Esto sucedió en un tiempo en el que, sin la conciencia de saberlo, fuimos felices. Lo recuerdo todo amontonado, y aun así me sacude cierta nostalgia que logra que yo ya no me olvide nunca más de aquello. Lo escribo ahora con el débil propósito de hacerlo durar en el tiempo, como para certificar lo que entonces vivimos, sin caer en la trampa amable de que el recuerdo de aquello es más poderoso que lo que realmente vivimos.

Fue a finales de aquel enero imprevisto cuando un cielo mullido y malva se abrió de par en par ante nosotros, quienes huyendo de no sabemos aún qué amanecimos desvaídos e ilusos en la estación de Santa Apolónia. Tampoco olvidaré el juramento que me hice de no regresar a casa, que en el fondo hubiese sido atarme de nuevo a lo peor de mí. Quebrado por la forja oxidada asomó ante nosotros el puente 25 de Abril como allanándonos el estuario del río Tajo. Remontamos desmadejados su orilla, mas las fuerzas dejaron de flaquear cuando un escuadrón improvisado de gaviotas nos escoltó solemnemente para indicarnos cómo llegar a Praça de Comercio. Se podía abarcar con una mano el aire que allí respirábamos y con la palma de la otra las ilusiones caprichosas que nos hicimos al llegar a Lisboa. Teníamos intacto nuestro remanente de arrumacos y besos, pero entendimos que ni el amor más puro es capaz de sobrevivir con el solo acopio de la ternura. Envejecimos de golpe, surgieron las necesidades, y todo lo que nos ofrecía Lisboa lo tuvimos que asaltar. Alguna limosna, propinas hurtadas de las mesas de las terrazas en Cais de Sodré, o mercadeando con lo poco que poseíamos, menudeando en Feria da Ladra.

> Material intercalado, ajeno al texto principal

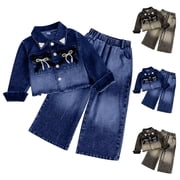 Maqroz Two Piece Sets for Girls Fashion Denim Set Long Sleeve Lapel Jean Jacket Elastic Waist Wide Leg Pants Stylish Ombre Outfits Casual Loose Bow Outfits Size 2-10Y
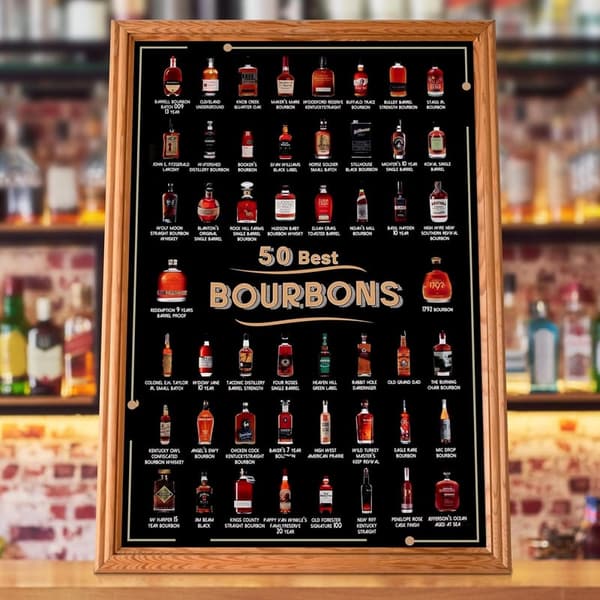 Bourbon Bucket List Scratch-Off Poster for Whiskey Lovers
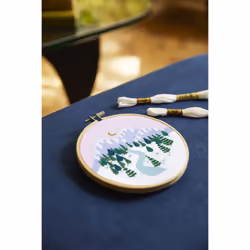 DMC Embroidery Kit Winter Landscape by Georgie K. Emery - Advanced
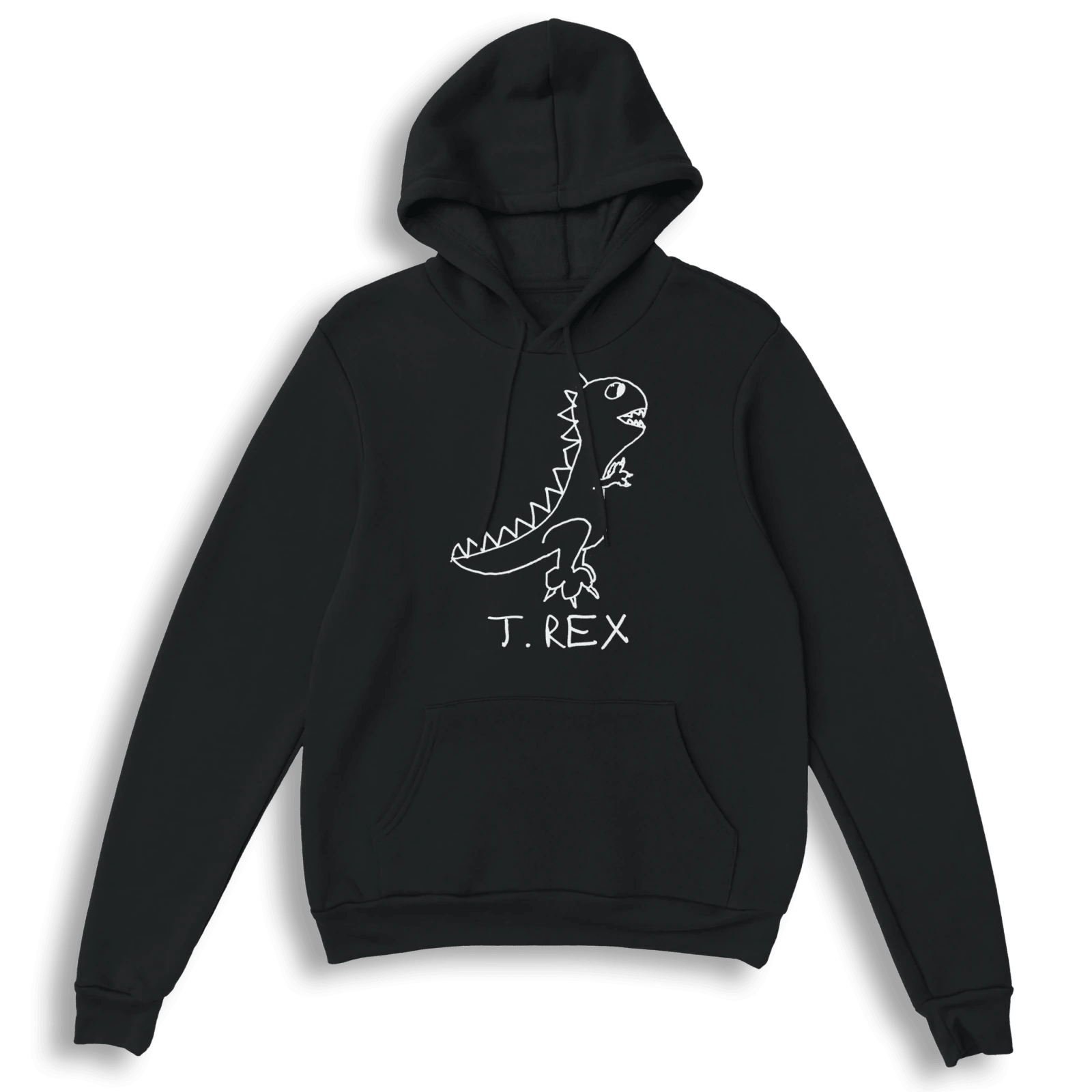 lo-fi T. Rex Hoodie — hand-drawn T. Rex graphic on a black pullover hoodie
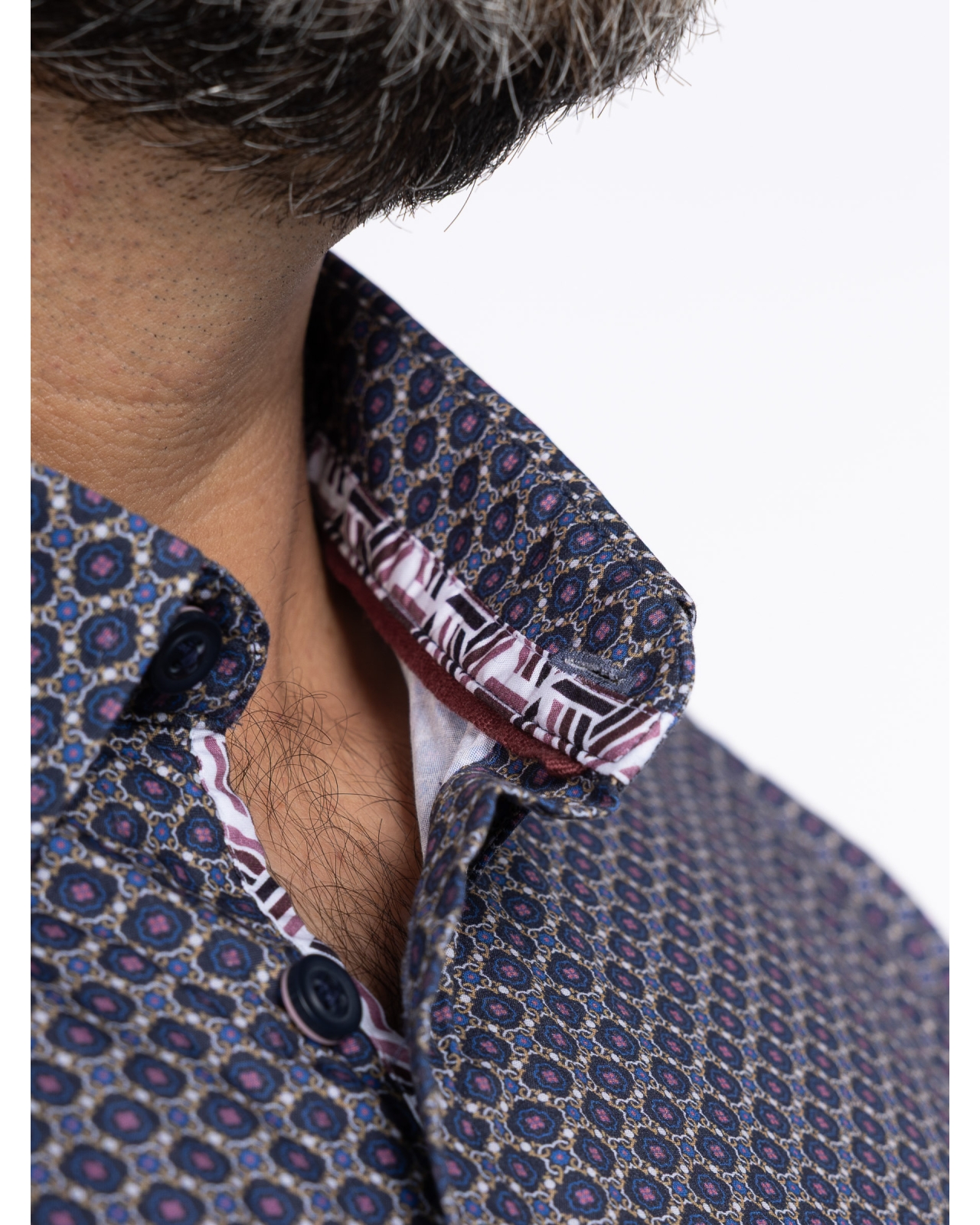 Chemise géométrique grande taille bleu marine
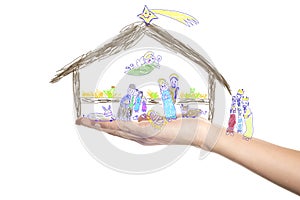 Christmas, Nativity Scene drawn by a small child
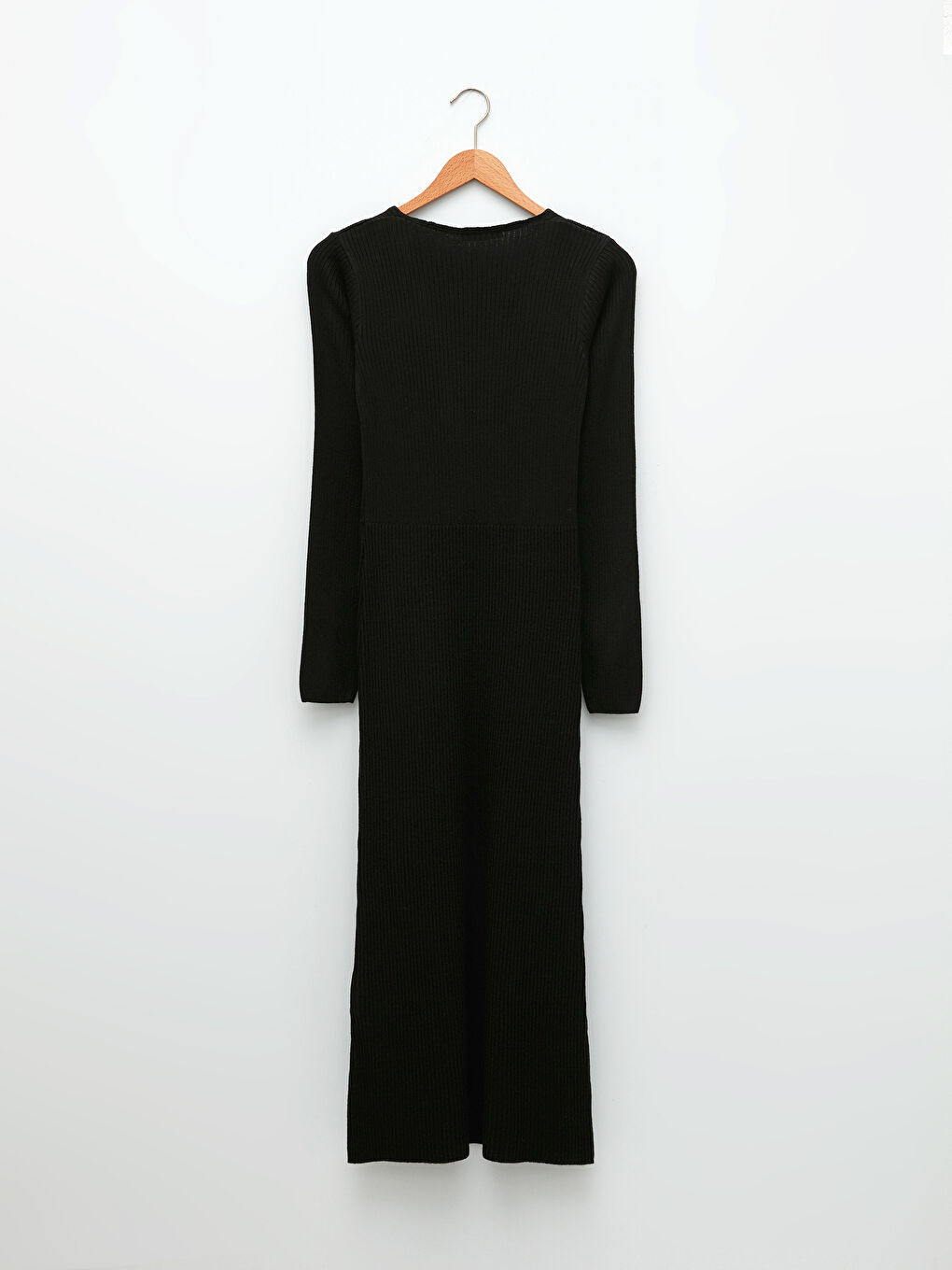 Siyah V Yaka Düz Uzun Kollu Kadın Triko Elbise-6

Todo esto nos sobrevino cuando abordamos Alfama, y entre miradores azulejados y callejuelas en cuesta vimos en una portada casi derruida los versos de Amália que adoptaríamos como nuestro himno: «Alfama no huele a fado, huele a pueblo, a soledad. Huele a silencio magullado, sabe a tristeza con pan. Alfama no huele a fado, pero no tiene otra canción». Se revolvieron nuestros miedos con los agravios, la desdicha con la inocencia, y cuando no emanaba el desencanto lo hacía la ilusión, y cuando nos mirábamos insólitos el uno al otro todo resquicio que no era cariño era ocupado por la fragilidad. Y Alfama siempre como testigo, Alfama como nuestra diminuta patria.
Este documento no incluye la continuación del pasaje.